#### TASK BRIEF:
With pictures omitted, copy exactly every line from the one that contains "Feetcalm Ultra Repair" to the end of the listing below.

#### RECORDED INFORMATION:
********

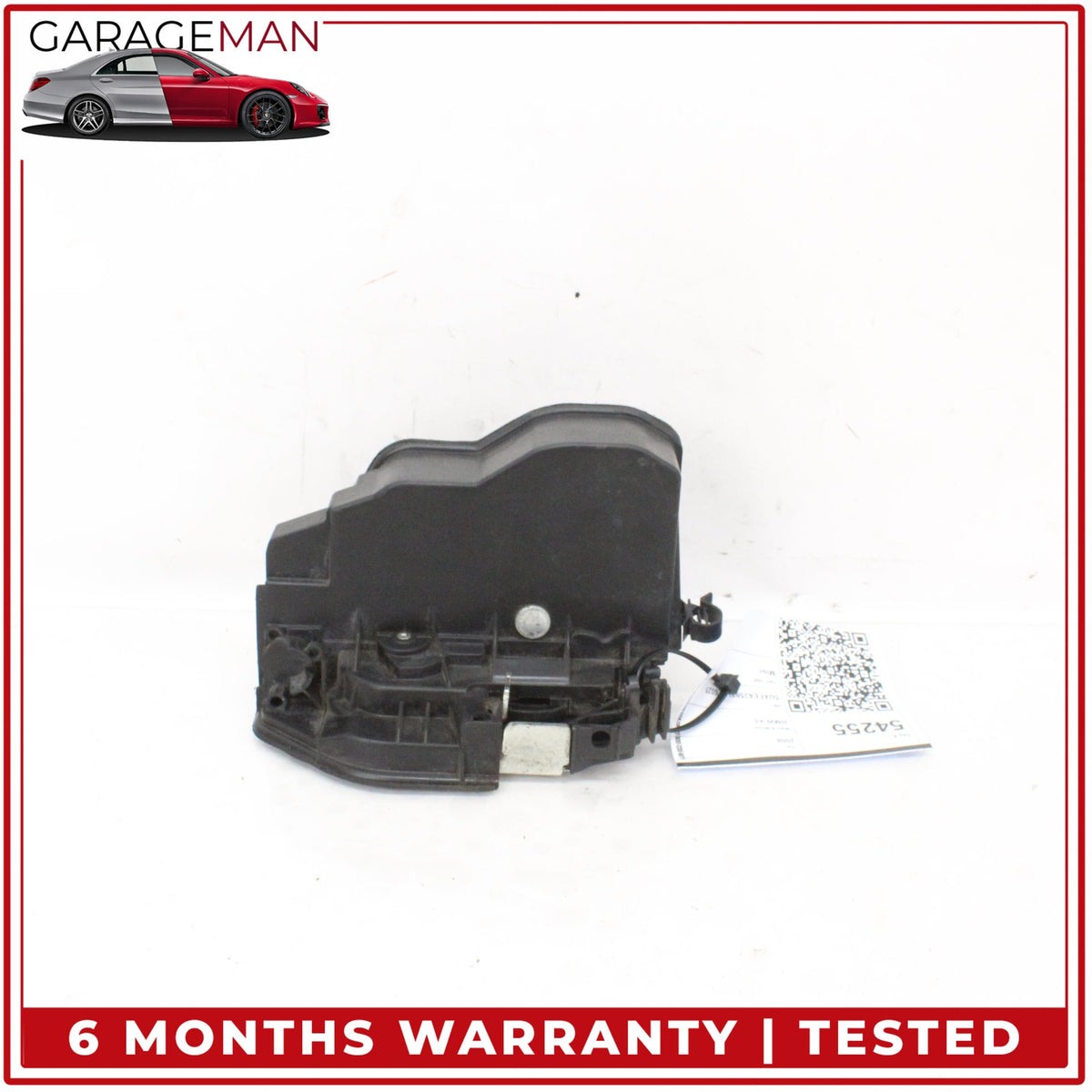 2007-2014 BMW X5 X6 Front Right Passenger Side Door Lock Actuator 7202146 OEM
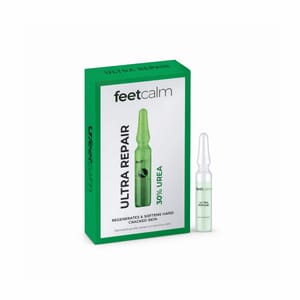 Feetcalm Ultra Repair 30 % ureaa - 7 x 2 ml ampulleita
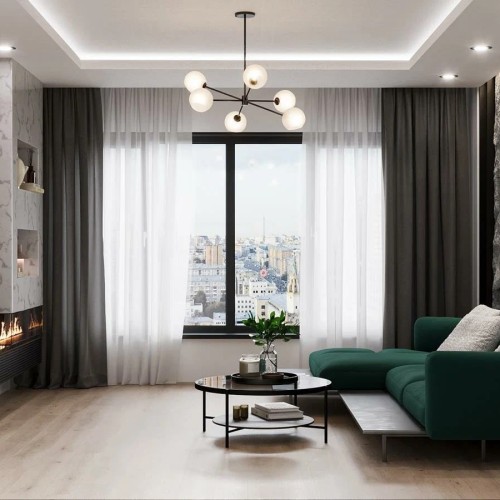 Кварцвиниловая плитка Norland клеевая Sigrid LVT Alante 1003-5 1219,2×184,15×2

********

#### EXPECTED ANSWER:
 Feetcalm Ultra Repair 30 % ureaa - 7 x 2 ml ampulleita
 Кварцвиниловая плитка Norland клеевая Sigrid LVT Alante 1003-5 1219,2×184,15×2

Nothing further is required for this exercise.